Your answer should consist of every line from the records that holds the string "High".

START DATASET

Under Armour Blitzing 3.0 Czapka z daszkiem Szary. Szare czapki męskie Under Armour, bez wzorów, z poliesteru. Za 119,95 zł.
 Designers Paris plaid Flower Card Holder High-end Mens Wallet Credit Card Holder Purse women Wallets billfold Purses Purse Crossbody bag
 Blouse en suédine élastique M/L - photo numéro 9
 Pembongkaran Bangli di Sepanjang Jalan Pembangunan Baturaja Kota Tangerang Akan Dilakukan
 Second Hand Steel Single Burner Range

END DATASET
START DATASET

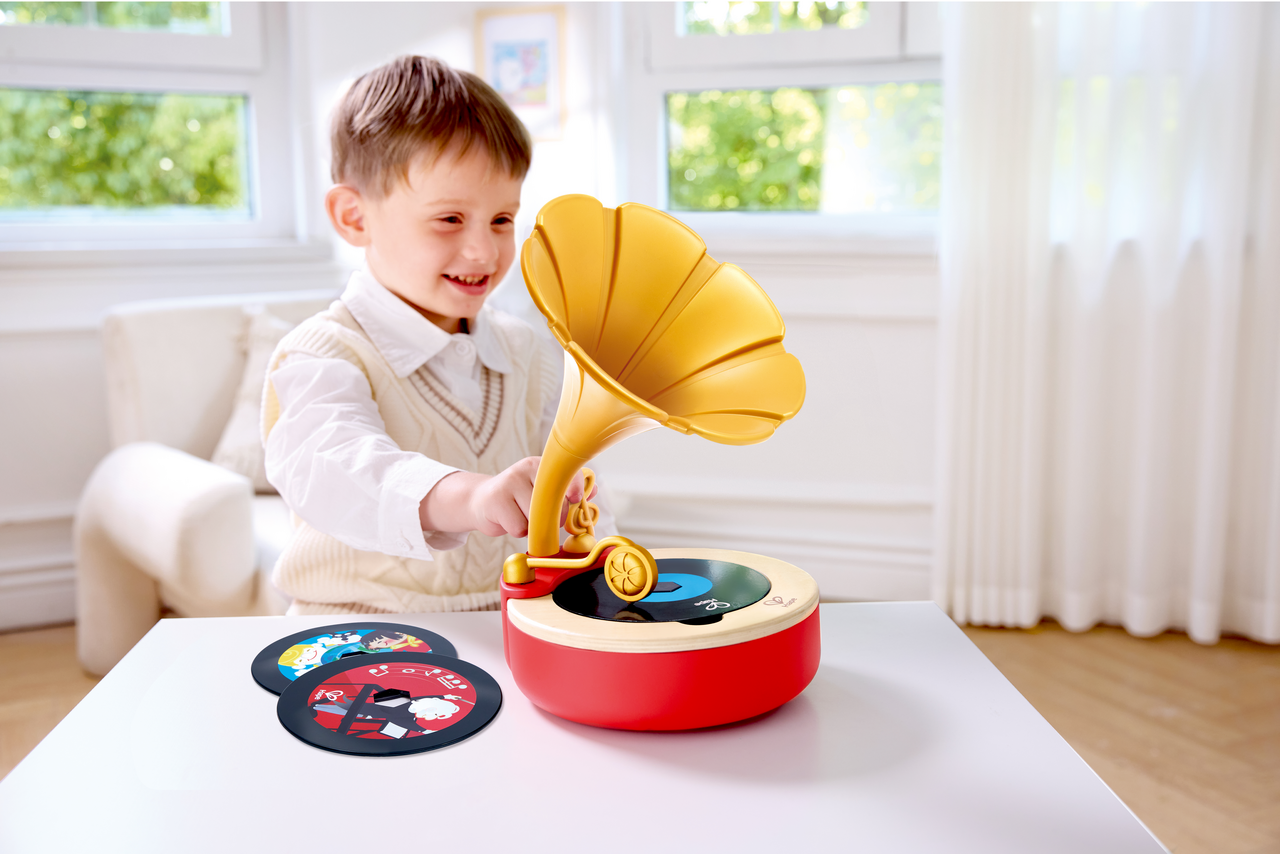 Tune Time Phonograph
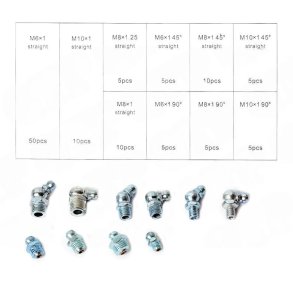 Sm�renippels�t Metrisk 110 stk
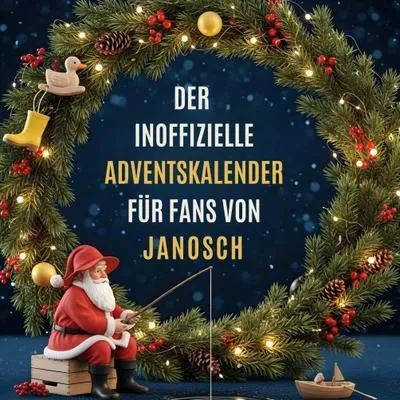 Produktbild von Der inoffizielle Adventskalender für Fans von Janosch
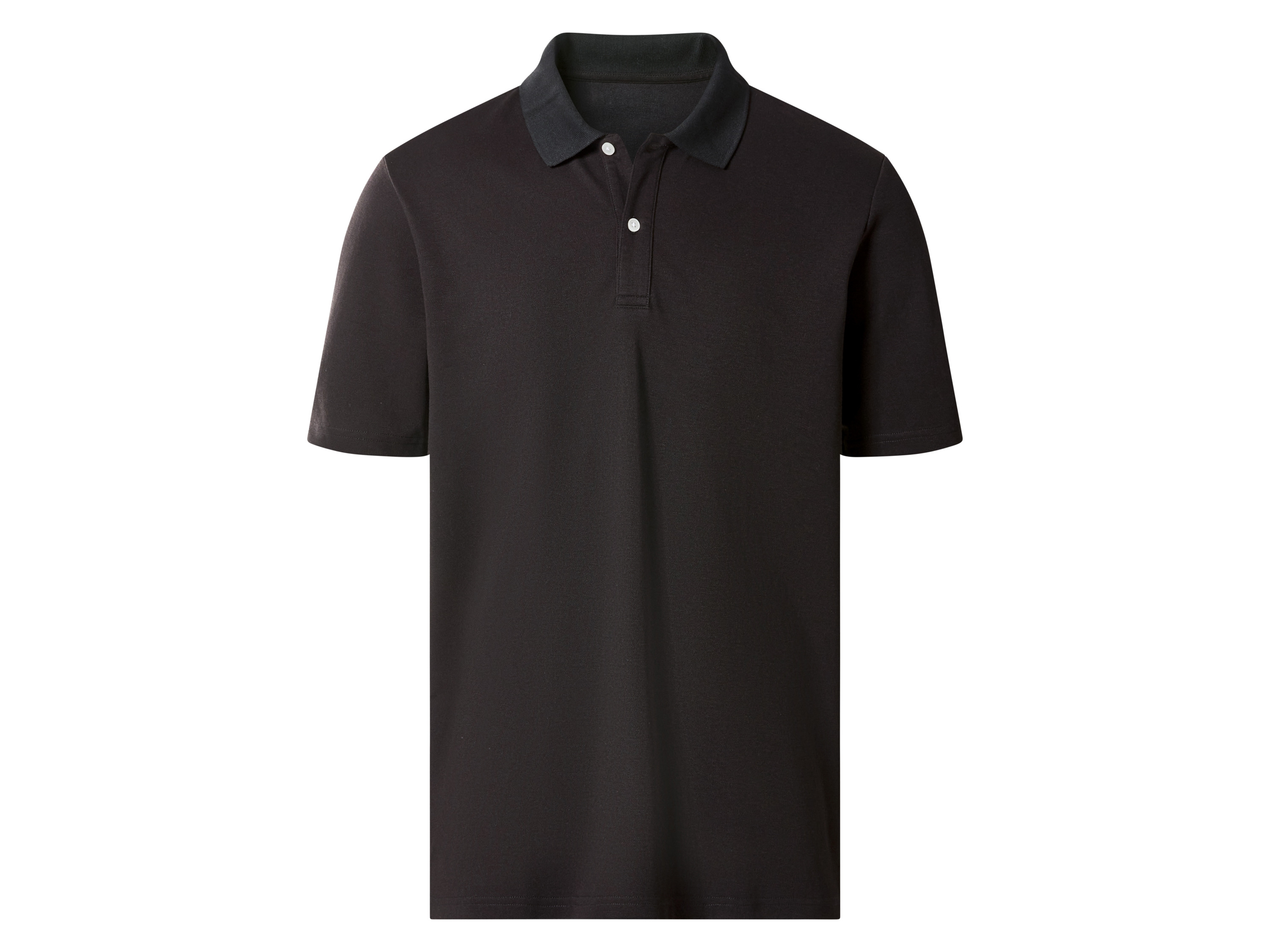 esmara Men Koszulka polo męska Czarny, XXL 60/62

END DATASET
START DATASET

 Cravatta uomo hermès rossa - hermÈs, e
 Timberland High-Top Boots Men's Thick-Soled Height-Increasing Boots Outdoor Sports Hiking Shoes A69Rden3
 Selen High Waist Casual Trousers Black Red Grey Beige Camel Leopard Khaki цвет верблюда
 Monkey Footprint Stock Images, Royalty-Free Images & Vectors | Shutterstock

END DATASET

REPLY:
 Designers Paris plaid Flower Card Holder High-end Mens Wallet Credit Card Holder Purse women Wallets billfold Purses Purse Crossbody bag
 Timberland High-Top Boots Men's Thick-Soled Height-Increasing Boots Outdoor Sports Hiking Shoes A69Rden3
 Selen High Waist Casual Trousers Black Red Grey Beige Camel Leopard Khaki цвет верблюда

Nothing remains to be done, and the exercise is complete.